An early 6502 text suggested that an easy way to pass data to a subroutine would be to place it on the stack. It can be done, but it's not easy; I tend to discourage this kind of coding for beginners.

Here's the problem: You take one or more values and place them on the stack using the PHA (PusH A) command, then call a subroutine. The idea is that the subroutine can simply pull these values from the stack with PLA (PuLl A) and use them, but that won't work. When the subroutine is called with JSR, the last two values placed on the stack are the subroutine return address (to be exact, the address minus 1). So the pull command gets, not the data, but the return address. Annoying.

There are a couple of ways around the problem, but they are clumsy. First, you can pull the return address (two bytes) from the stack and save them. Then the data bytes are pulled and saved. Finally the return address is recalled and put back on the stack. That's a lot of work. It would be easier to have the calling routine store the data somewhere.

The second method is a little more workable, but still clumsy.

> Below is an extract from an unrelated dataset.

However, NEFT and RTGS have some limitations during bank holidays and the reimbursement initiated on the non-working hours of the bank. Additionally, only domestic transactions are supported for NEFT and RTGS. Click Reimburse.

If the stack pointer is transferred to the X register with TSX, we may now look directly at the stack as it lies in page 1. An instruction such as LDA $0100, X would look at the stack memory area, but would miss the real stack: The effective address would be of the first "empty" stack location. We'll have to climb a little higher to see the "live" stack. For example, LDA $0101, X would look at the last item on the stack; LDA $0102, X would look at the previous item, and so on.

Back to our original problem. There's a byte of data on the stack, behind a subroutine call. We can read it with TSX followed by LDA $0103, X. But we can't remove it from the stack without setting up a loop to repack everything. We can also change this stack item with a STA command. When the subroutine returns, the main routine must pull the extra item back from the stack.

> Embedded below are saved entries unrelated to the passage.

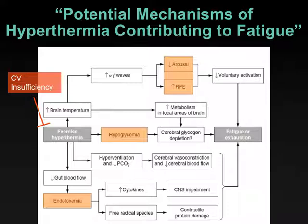A five-minute break is called before resuming with physiological thermal signals. The instructor also notes there are slides from the end of the previous chapter that were skipped and will be returned to after the break.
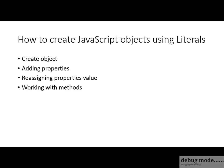So by this demo we have come to the end of this video. In this video we learned how to create objects using literals, how to add properties to the objects, how to reassign properties value, and how to work with methods as object property.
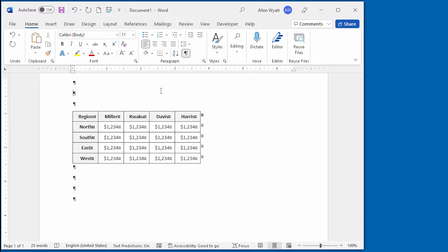Once you have a table in your document, you may need to restructure it by moving data around. In this video, I show you a plethora of ways that you can move both rows and columns.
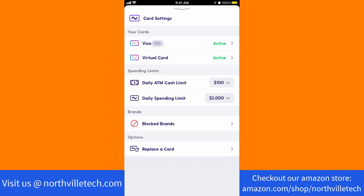That's how you change your daily ATM cash limit in the Current app. Thank you so much guys for watching, and if you have not yet subscribed to our YouTube channel, please subscribe as we create tech videos related to financial apps almost every day. Also, check out our website northvilletech.com for great tech articles and our recommended resources in the description below for various signup bonuses.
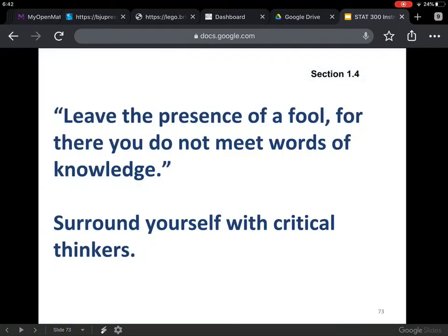A proverb to go along with that: 'Leave the presence of a fool, for there you do not meet words of knowledge.' The contemporary interpretation would be: surround yourself with critical thinkers. The more people that surround you that can think critically, your critical thinking skills are going to go up. So surround yourself with those types of friends.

It's often more trouble than it's worth, but it does work. A small example will illustrate.

This routine prints a triangle of asterisk signs. There are better ways to do the job, but it does illustrate moderately advanced stack work.

033C A9 01	LDA #$01	;start count at 1
033E 48		PHA		;pass to the stack
033F 20 4B 03	JSR $034B	;call print subrtn
0342 68		PLA		;get back the count
0343 18		CLC 
0344 69 01	ADC #$01	;add one to count
0346 C9 10	CMP #$10	;stop at 16
0348 90 F4	BCC $033E	;else do it again
034A 60		RTS	
             ;SUBROUTINE TO CHECK STACK
034B BA		TSX		;get the pointer
034C BD 03 01	LDA $0103, X	;dig out the count
034F A8		TAY		;put it in Y
0350 A9 2A	LDA #$2A	;asterisk character
0352 20 D2 FF	JSR $FFD2	;print it
0355 88		DEY		;count down
0356 D0 FA	BNE $0352	;if more, go back
0358 A9 0D	LDA #$0D	;carriage return
035A 20 D2 FF	JSR $FFD2	;print it
035B 60		RTS		;quit

Call the above program from BASIC with SYS 828.

If you'd rather enter the program as BASIC DATA statements, the following program will do the job:

100 DATA 169, 1, 72, 32, 75, 3, 104, 24
110 DATA 105, 1, 201, 16, 144, 244, 96
120 DATA 186, 189, 3, 1, 168, 169, 42
130 DATA 32, 210, 255, 136, 208, 250
140 DATA 169, 13, 32, 210, 255, 96
200 FOR J = 828 TO 861
210 READ X
220 T = T + X
230 POKE J, X
240 NEXT J
250 IF T <> 3911 THEN STOP
260 SYS828

More Muscle

Perhaps a more useful task for the stack is to streamline frequently used subroutines. For example, if there's a popular subroutine that I call a dozen times or more, it will be in my interest to make the calling sequence as brief and easy as possible.

Here's a common one. I often need to print various messages, and expect to use a subroutine to do it. The normal calling sequence would be to load the address of the particular message into a couple of registers—say, A and Y—and then have the subroutine use this address to print the message. This means that the subroutine will have an overhead of two instructions: the LDA and LDY before the call. The overhead might in fact be greater: I might need to save previous values in A and Y in order to continue my program after the message is printed.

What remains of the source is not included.